Awaiting her surgery but desperate to find more information about the procedure she had hesitantly signed herself up for, Payne spent her evenings frantically googling her symptoms in hopes of finding another solution. What she found instead was that she wasn’t alone.

“In one of my pain-induced googling binges, I found a closed Facebook group for women called ‘Vulvar Vestibulitis Syndrome (VVS) & Vulvodynia Awareness.’ Reading the testimonies of the women in the group, I knew I had what they had.”

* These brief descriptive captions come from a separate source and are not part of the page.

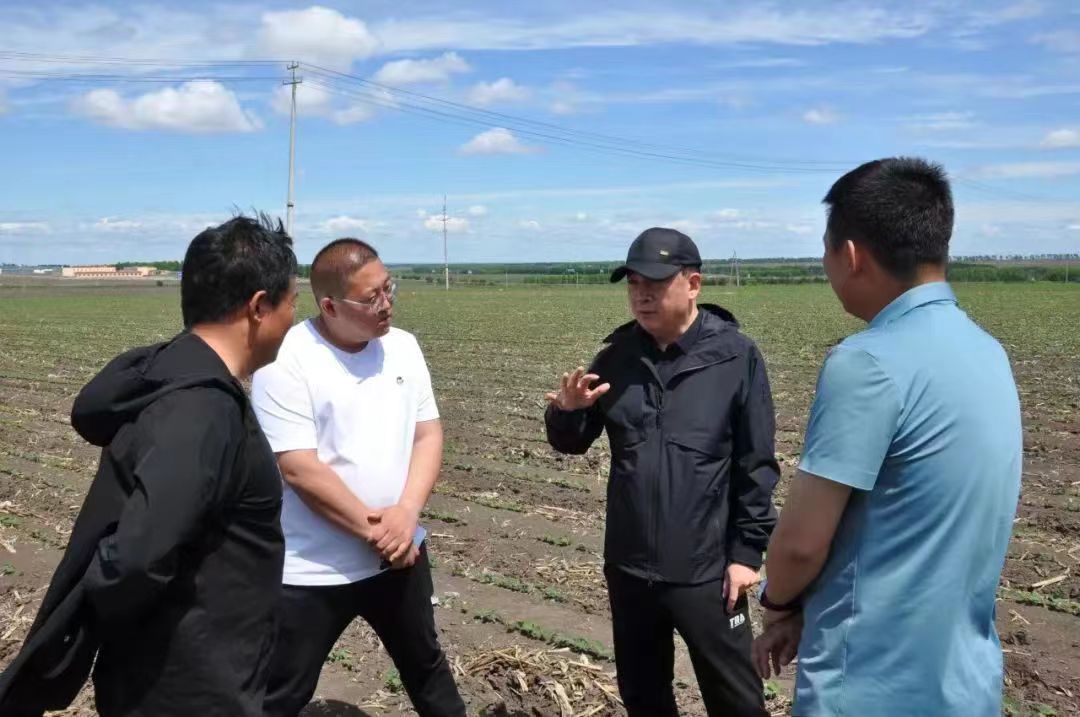 北大荒集团党委领导到赵光镇政府前进村实地调研垦地共建情况(央广网
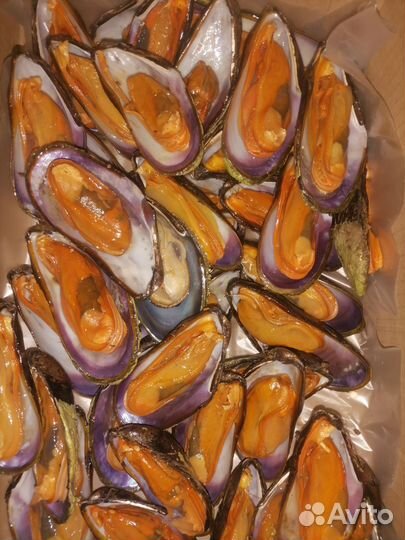 Мидии Приморские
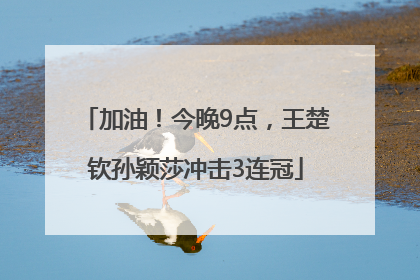 加油！今晚9点，王楚钦孙颖莎冲击3连冠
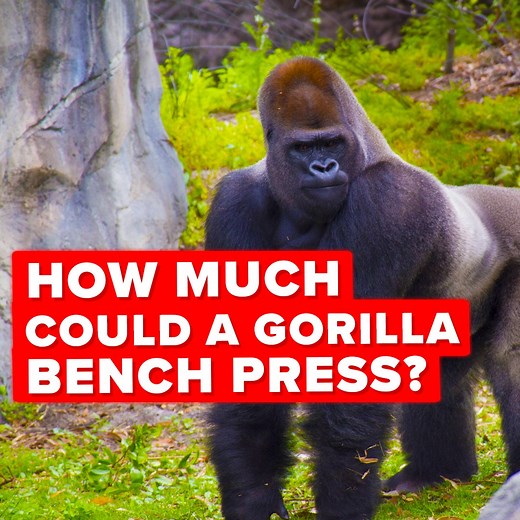9M views · 17K reactions | Gorillas have incredible strength and abilities matched with high intelligence, making this one of the strongest and most formidable creatures on the planet. But how much can you lift, bro? In today's video we are taking a scientific approach to understanding a Silverback Gorilla's maximum strength. | The Infographics Show | Facebook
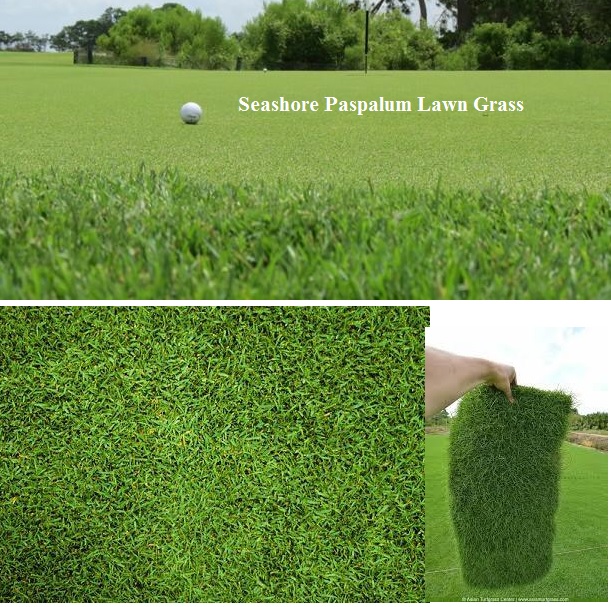 Seashore Paspalum Lawn Grass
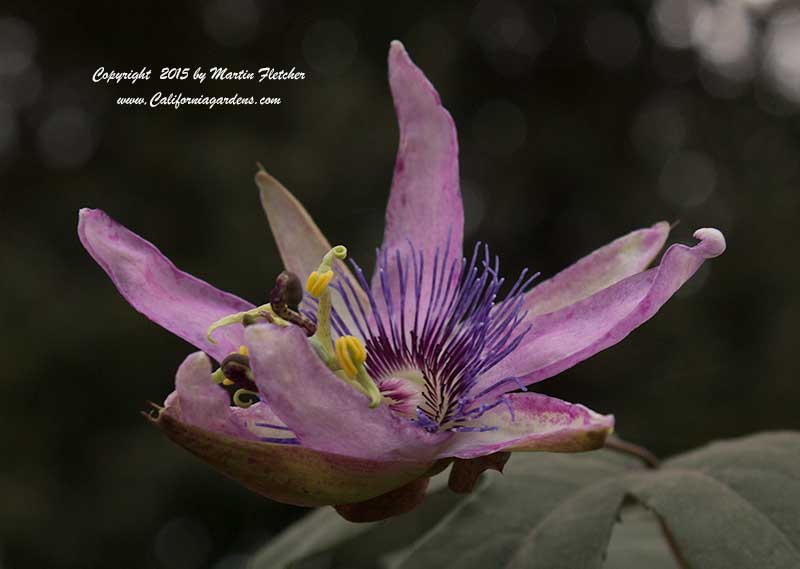 Passiflora Lavender Lady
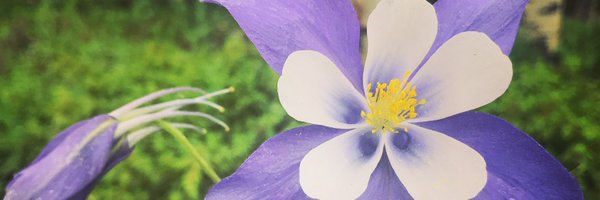 marknewt Profile Banner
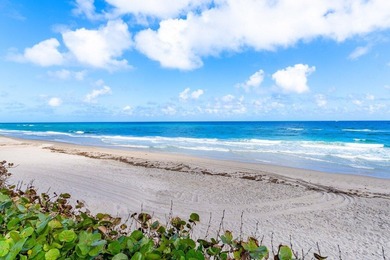 Experience refined coastal luxury on Hillsboro Mile with this - photo 31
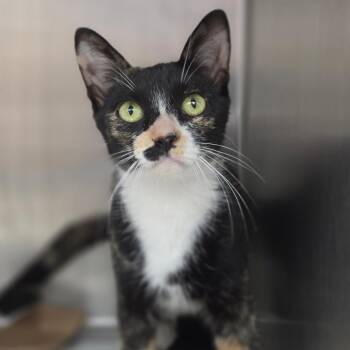 Ivy -  Domestic Short Hair Cat for Adoption in Sarasota, Florida - Ivy | PetCurious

Through the Facebook group she found Lacey Enderle-Tapp, a woman with the same condition, who had endured a vestibulectomy. She had a portion of her vestibular tissue removed,  after suffering through 15 years of misdiagnosis, disagreeing doctors, and treatments that caused more pain than they relieved. Like Payne, she was prescribed a lidocaine numbing cream and a topical estrogen cream, dabbled in diet changes and physical therapy to alleviate muscle pain, and even tried medical marijuana. Nothing brought significant relief. She too arrived at the decision that the surgery was her best, and potentially last option. She had the procedure.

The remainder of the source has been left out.